Relic Backgrounds of Gravitational Waves from Cosmic Turbulence
Alexander D. Dolgov, Dario Grasso, Alberto Nicolis
TL;DR
This work develops a generalized framework for relic gravitational waves produced by cosmic turbulence, incorporating continuous energy injection and magnetohydrodynamic effects. It derives generalized turbulence spectra, connects them to the stochastic GW background, and analyzes how these spectra modify the GW signal across different turbulence regimes. The authors apply the framework to two early-universe scenarios: turbulence from neutrino inhomogeneous diffusion before neutrino decoupling and turbulence from a first-order electroweak phase transition, finding that magnetic fields can substantially boost the GW signal and potentially bring it within LISA’s reach.

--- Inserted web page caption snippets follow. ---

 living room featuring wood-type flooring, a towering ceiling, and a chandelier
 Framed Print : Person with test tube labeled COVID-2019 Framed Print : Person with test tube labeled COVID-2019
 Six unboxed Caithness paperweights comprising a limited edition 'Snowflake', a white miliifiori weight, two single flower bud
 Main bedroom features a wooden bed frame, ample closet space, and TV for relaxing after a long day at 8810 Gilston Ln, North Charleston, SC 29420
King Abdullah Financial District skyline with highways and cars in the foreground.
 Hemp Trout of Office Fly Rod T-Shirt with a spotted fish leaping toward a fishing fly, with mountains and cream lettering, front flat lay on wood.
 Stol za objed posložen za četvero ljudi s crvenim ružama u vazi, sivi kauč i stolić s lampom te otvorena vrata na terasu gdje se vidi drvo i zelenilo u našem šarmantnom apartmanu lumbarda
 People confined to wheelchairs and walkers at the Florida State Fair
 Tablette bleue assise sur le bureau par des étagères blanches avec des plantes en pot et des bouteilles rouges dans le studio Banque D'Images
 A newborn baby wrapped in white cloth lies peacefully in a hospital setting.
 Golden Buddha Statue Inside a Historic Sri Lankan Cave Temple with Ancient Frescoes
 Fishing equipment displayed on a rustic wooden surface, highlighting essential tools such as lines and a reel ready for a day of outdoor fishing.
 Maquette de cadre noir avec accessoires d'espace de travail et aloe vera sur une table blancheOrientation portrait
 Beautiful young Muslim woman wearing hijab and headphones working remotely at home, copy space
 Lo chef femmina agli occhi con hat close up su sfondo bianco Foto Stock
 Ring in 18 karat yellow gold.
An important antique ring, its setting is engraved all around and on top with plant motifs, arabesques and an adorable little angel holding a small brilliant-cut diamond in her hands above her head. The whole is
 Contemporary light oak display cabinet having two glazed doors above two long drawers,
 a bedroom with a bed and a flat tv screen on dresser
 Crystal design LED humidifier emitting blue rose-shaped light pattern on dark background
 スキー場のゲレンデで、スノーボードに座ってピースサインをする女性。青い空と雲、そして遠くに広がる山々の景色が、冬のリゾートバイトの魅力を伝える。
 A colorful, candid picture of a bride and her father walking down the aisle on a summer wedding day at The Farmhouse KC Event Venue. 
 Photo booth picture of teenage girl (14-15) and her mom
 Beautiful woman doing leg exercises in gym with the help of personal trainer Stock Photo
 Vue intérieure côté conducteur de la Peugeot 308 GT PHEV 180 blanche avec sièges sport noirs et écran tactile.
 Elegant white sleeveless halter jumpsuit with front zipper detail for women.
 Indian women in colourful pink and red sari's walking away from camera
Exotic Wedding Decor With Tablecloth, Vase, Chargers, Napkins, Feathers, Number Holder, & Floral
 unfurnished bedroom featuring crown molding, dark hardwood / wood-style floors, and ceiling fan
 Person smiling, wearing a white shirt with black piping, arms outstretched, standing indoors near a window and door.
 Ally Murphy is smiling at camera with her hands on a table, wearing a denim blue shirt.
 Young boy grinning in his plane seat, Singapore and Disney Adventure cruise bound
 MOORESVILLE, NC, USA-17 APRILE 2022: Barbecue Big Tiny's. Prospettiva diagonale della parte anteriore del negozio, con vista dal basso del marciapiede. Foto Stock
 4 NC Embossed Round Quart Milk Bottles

The results establish a link between turbulence properties, primordial magnetic fields, and the observable stochastic GW background, highlighting favorable conditions for detection and implications for early-universe physics.
Abstract
Turbulence may have been produced in the early universe during several kind of non-equilibrium processes. Periods of cosmic turbulence may have left a detectable relic in the form of stochastic backgrounds of gravitational waves. In this paper we derive general expressions for the power spectrum of the expected signal. Extending previous works on the subject, we take into account the effects of a continuous energy injection power and of magnetic fields. Both effects lead to considerable deviations from the Kolmogorov turbulence spectrum. We applied our results to determine the spectrum of gravity waves which may have been produced by neutrino inhomogeneous diffusion and by a first order phase transition. We show that in both cases the expected signal may be in the sensitivity range of LISA.